Ubicación : Valencia
Categoría: Residencial
Año: 2026
El nombre La Quietud del Basamento nace de la relación esencial entre la vivienda, la piedra y el paisaje que la sostiene. La casa se posa sobre un basamento pétreo, firme y sereno, como si hubiera emergido lentamente del propio terreno. No busca imponerse sobre el valle, sino descansar sobre él con naturalidad, reconociendo la fuerza silenciosa de la montaña y la profundidad del horizonte que se abre a sus pies.
El basamento actúa como raíz y refugio. Es la parte más telúrica de la vivienda: aquella que pertenece a la tierra, que recoge su peso, su textura y su memoria. Sobre él, la arquitectura encuentra equilibrio, elevándose con calma sin perder nunca el vínculo con el suelo.
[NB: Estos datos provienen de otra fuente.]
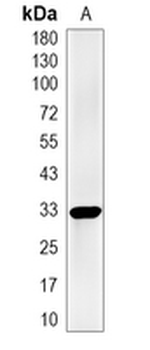 DOHH Rabbit Monoclonal Antibody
La piedra no aparece solo como material, sino como gesto de permanencia; una presencia sólida que ancla la casa al lugar y la protege del paso del tiempo.
La palabra quietud habla del propósito íntimo de la vivienda: habitar para detenerse, para encontrar descanso, para mirar el valle desde la serenidad. En medio del campo y la montaña, la casa se convierte en un lugar suspendido entre la tierra y el cielo, donde el silencio, la luz y la materia construyen una experiencia de reposo.
Así, La Quietud del Basamento expresa una arquitectura que descansa, que escucha y que permanece. Una casa asentada sobre la piedra, abierta al valle y concebida como un refugio donde el habitar recupera su ritmo más lento y esencial.